(Stored data)

Start of Block

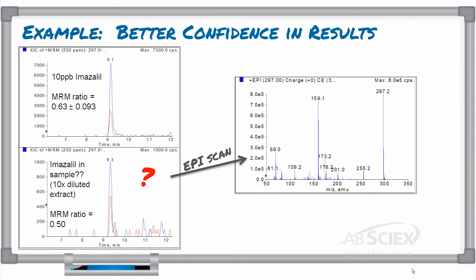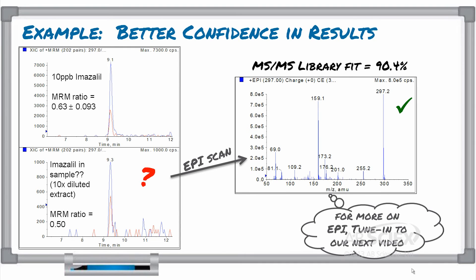You are also able to analyze the full MS-MS spectrum against a compound library database. You can think of this as running that fingerprint through a database to compare key characteristics to find a match. In this case, the spectrum of your unknown sample matched the library spectrum of imazalil with a fit of 90.4%. So, although the MRM ratio was slightly off and made the result a little ambiguous, the EPI scan data could be used to decomplicate the results and can give you more confidence in reporting this as a positive result.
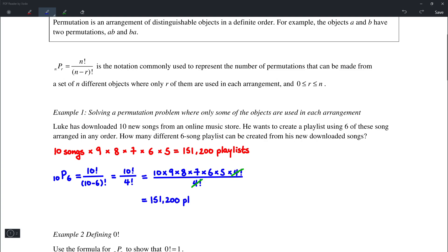The idea here is that instead of having to think about which numbers to multiply and writing them out manually, we can simply apply the formula to find the same answer.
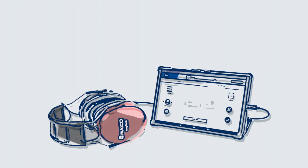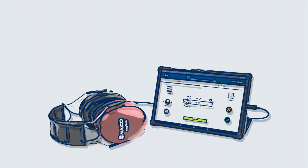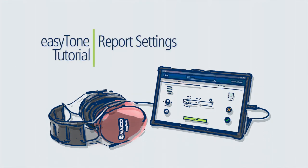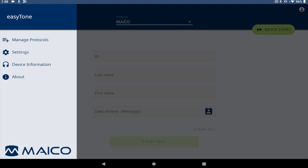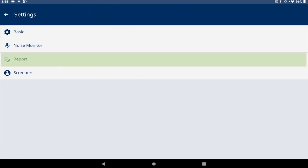This tutorial shows how to add facility information to the report printout and review all report settings. To access the report settings, select the hamburger menu in the top left corner, then select settings and then report.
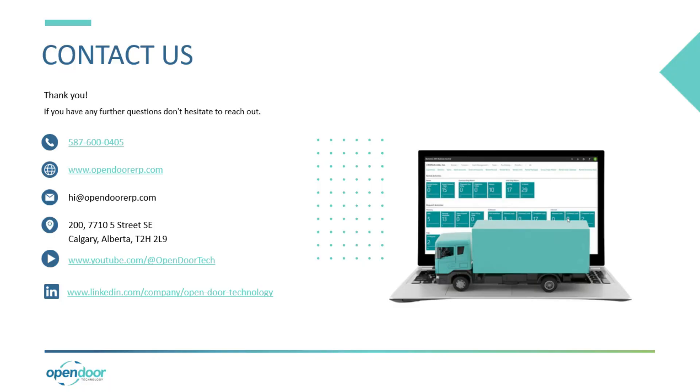Thank you for watching. If you have any questions, feel free to contact us and follow our YouTube channel for more content just like this. Have a great day.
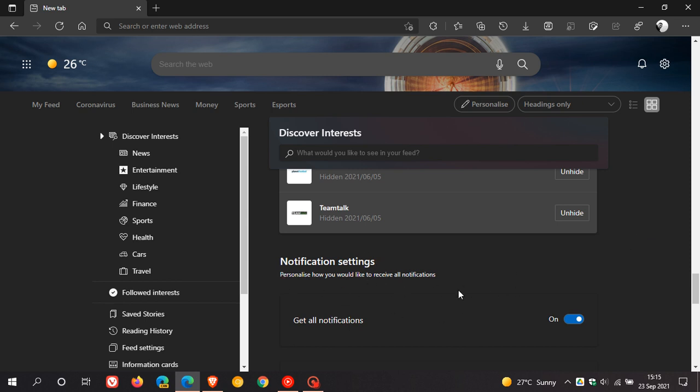You can personalize this to your own preference and choice. Get all notifications. This is on now by default and you can actually toggle this off. But I've noticed when you turn off all the notifications, it doesn't actually remove the bell icon. It still stays there.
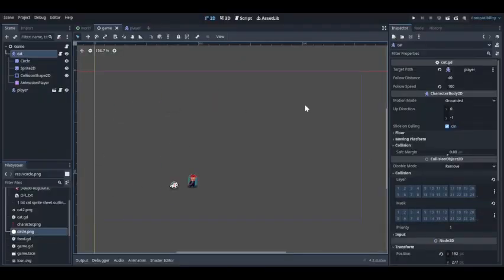Hello friends, welcome back to my YouTube channel. Today I'm going to show you how you can create your own cat or pet that follows your player as the player moves. There are multiple ways to do this because there are a lot of pathfinding algorithms, but I am going to do this very simply.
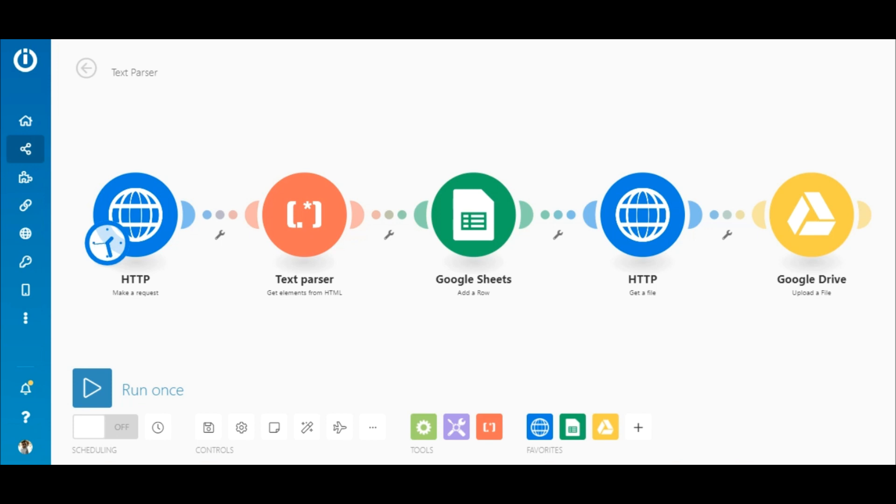In this use case, I want to simply retrieve data from a website, get the image links, store the links on a Google sheet, then download the images and upload them to Google Drive.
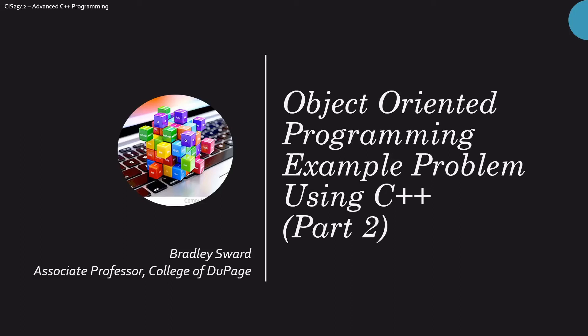Hello everyone, I am Bradley Swart, Associate Professor of Computer and Information Science at the College of DuPage in Glen Ellyn, Illinois. This video is Part 2, Continuing Look into Object-Oriented Programming using C++. We're following along with an example problem. This is more of a homework problem, and you need the understanding of Part 1 to continue with this.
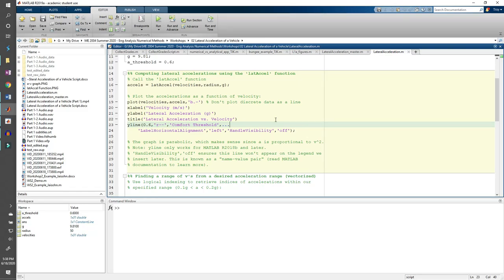This is Part 2 of the Lateral Acceleration MATLAB Example Demo. In the first part, we introduced the background and wrote a function to compute lateral acceleration given velocity, the curve radius, and g. In this part, we'll do some vector manipulation to see which velocities correspond to lateral acceleration within a certain range.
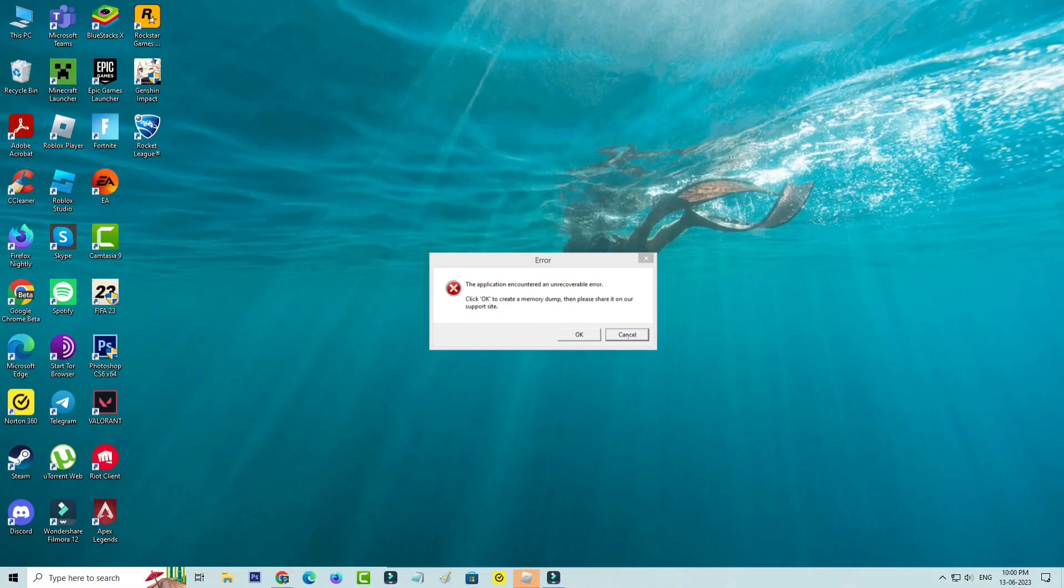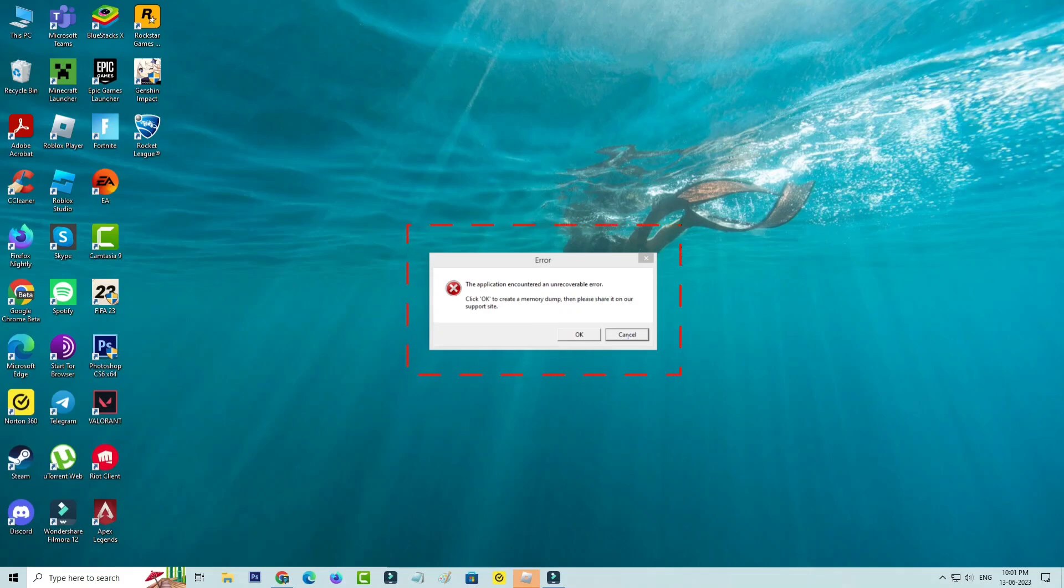Hello friends and welcome back to my YouTube channel. Today I got the following error notification while trying to access the Roblox player, and it shows the application encountered an unrecoverable error.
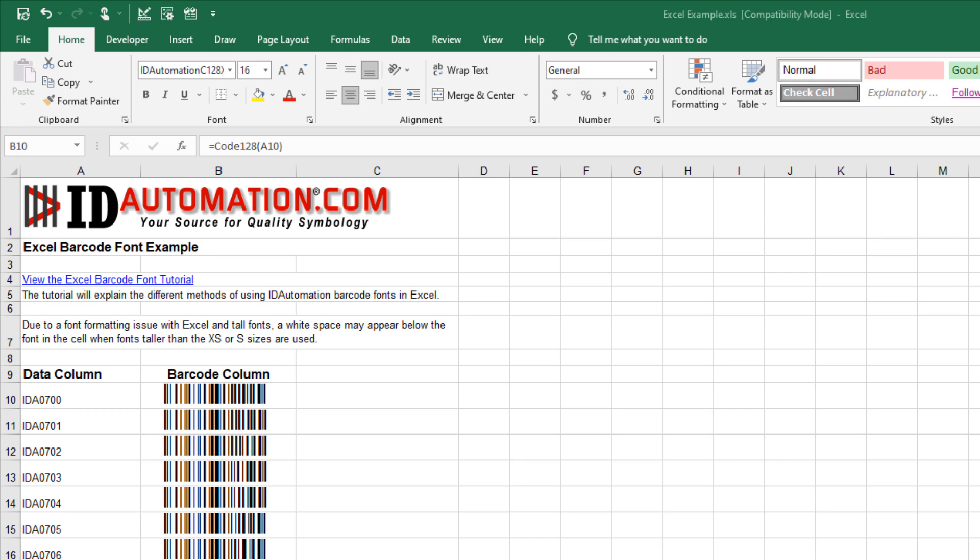This ID Automation video tutorial explains how to create barcodes in Excel for users. The solution uses a barcode font and VBA font encoder already embedded in the ID Automation Excel example file.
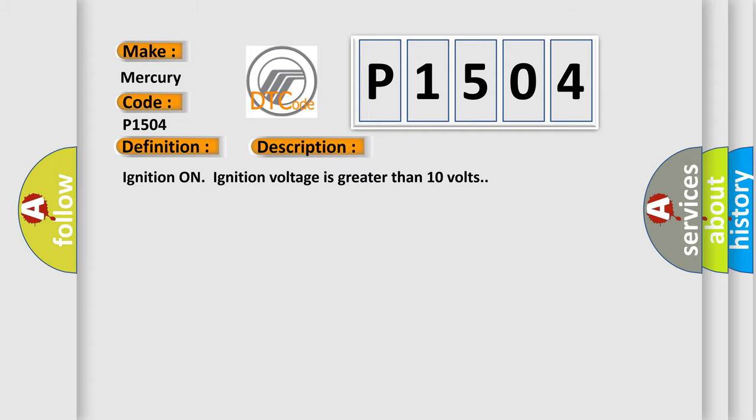Ignition on, ignition voltage is greater than 10 volts. This diagnostic error occurs most often in these cases.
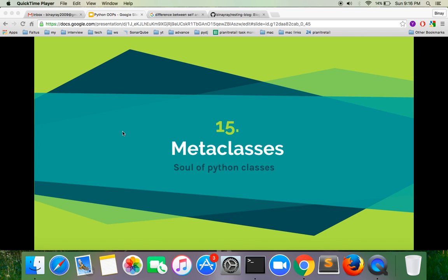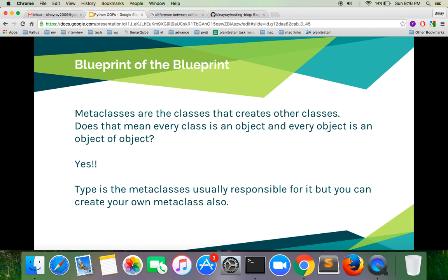Let's talk about metaclasses. Metaclasses are like the soul of Python classes — that energy or driving engine that helps create the class. It's the blueprint of the blueprint. Remember how we discussed that a class is the blueprint from which you create objects? So a metaclass is the blueprint of the blueprint you build. Our classes are objects, and the objects we create out of classes are objects of objects. The main classes will always remain as the metaclasses.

End of Block

▶ THE PROBLEM
Every record must be copied exactly, with the pictures left out.

▶ WRITTEN RESPONSE
You are also able to analyze the full MS-MS spectrum against a compound library database. You can think of this as running that fingerprint through a database to compare key characteristics to find a match. In this case, the spectrum of your unknown sample matched the library spectrum of imazalil with a fit of 90.4%. So, although the MRM ratio was slightly off and made the result a little ambiguous, the EPI scan data could be used to decomplicate the results and can give you more confidence in reporting this as a positive result.
The idea here is that instead of having to think about which numbers to multiply and writing them out manually, we can simply apply the formula to find the same answer.
This tutorial shows how to add facility information to the report printout and review all report settings. To access the report settings, select the hamburger menu in the top left corner, then select settings and then report.
Thank you for watching. If you have any questions, feel free to contact us and follow our YouTube channel for more content just like this. Have a great day.
You can personalize this to your own preference and choice. Get all notifications. This is on now by default and you can actually toggle this off. But I've noticed when you turn off all the notifications, it doesn't actually remove the bell icon. It still stays there.
Hello friends, welcome back to my YouTube channel. Today I'm going to show you how you can create your own cat or pet that follows your player as the player moves. There are multiple ways to do this because there are a lot of pathfinding algorithms, but I am going to do this very simply.
In this use case, I want to simply retrieve data from a website, get the image links, store the links on a Google sheet, then download the images and upload them to Google Drive.
Hello everyone, I am Bradley Swart, Associate Professor of Computer and Information Science at the College of DuPage in Glen Ellyn, Illinois. This video is Part 2, Continuing Look into Object-Oriented Programming using C++. We're following along with an example problem. This is more of a homework problem, and you need the understanding of Part 1 to continue with this.
This is Part 2 of the Lateral Acceleration MATLAB Example Demo. In the first part, we introduced the background and wrote a function to compute lateral acceleration given velocity, the curve radius, and g. In this part, we'll do some vector manipulation to see which velocities correspond to lateral acceleration within a certain range.
Hello friends and welcome back to my YouTube channel. Today I got the following error notification while trying to access the Roblox player, and it shows the application encountered an unrecoverable error.
This ID Automation video tutorial explains how to create barcodes in Excel for users. The solution uses a barcode font and VBA font encoder already embedded in the ID Automation Excel example file.
Ignition on, ignition voltage is greater than 10 volts. This diagnostic error occurs most often in these cases.
Let's talk about metaclasses. Metaclasses are like the soul of Python classes — that energy or driving engine that helps create the class. It's the blueprint of the blueprint. Remember how we discussed that a class is the blueprint from which you create objects? So a metaclass is the blueprint of the blueprint you build. Our classes are objects, and the objects we create out of classes are objects of objects. The main classes will always remain as the metaclasses.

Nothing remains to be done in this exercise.